Marlene Farrugia Monday, 29 February 2016, 10:39 Last update: about 11 years ago

Like most of you reading this piece, I am grappling with a political reality.

A political reality I never expected to materialise just three years after the enormous rush of a resounding Labour victory, I strived hard to bring about.

Our Labour Government is imploding.

My mind is struggling to comprehend, to take it in, digest it, believe it. Like a bad dream, a nightmare. It is difficult to express the shock in words. But I will try. The feeling is akin to the piercing pain of bereavement. Or the earth shattering loss of a very close friend, a family member. Then, occasionally nature itself comes to the rescue.

It softens the shock with the overwhelming bouts of numbness, giving the mind precious moments of respite, only to enable it to cope with more and with worse.

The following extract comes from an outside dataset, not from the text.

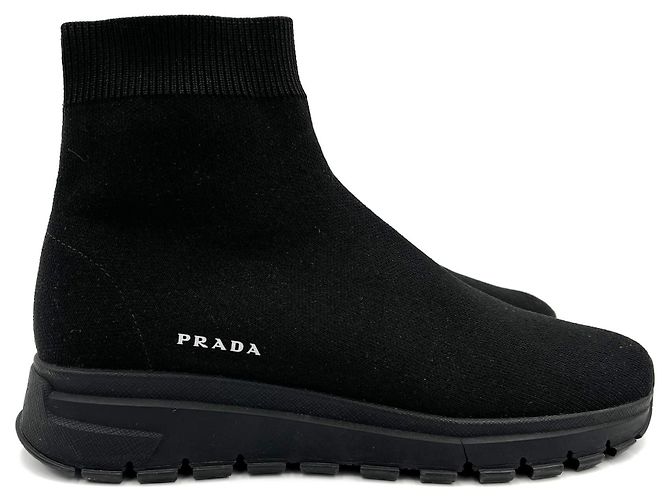 Prada Sock-Style Stoff Plattformstiefel 38 schwarz - Ansicht 4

What hurts me most is that I promised the electorate to deliver a style of government that commands authority not by force, but by breeding respect because of its good, transparent, accountable governance.

I harbour this deep remorse that I convinced so many voters to give this political movement a chance.

Therefore, I find it very disconcerting that it is becoming clearer by the hour that the government I helped to elect is turning out to be the most opaque, closed government this country has had in years. Countless contracts and memoranda of agreements signed behind the people’s back and kept out of the public domain.

I also told my voters that we had a road plan for a clamp down on corruption which was gnawing away at the administration, and eroding our general standard of living.

We will tackle bureaucracy I said, so many times.

Instead, the government I helped elect for them weakened the institutions which protect the citizen so much, that bureaucracy has rocketed and corruption has become the order of the day.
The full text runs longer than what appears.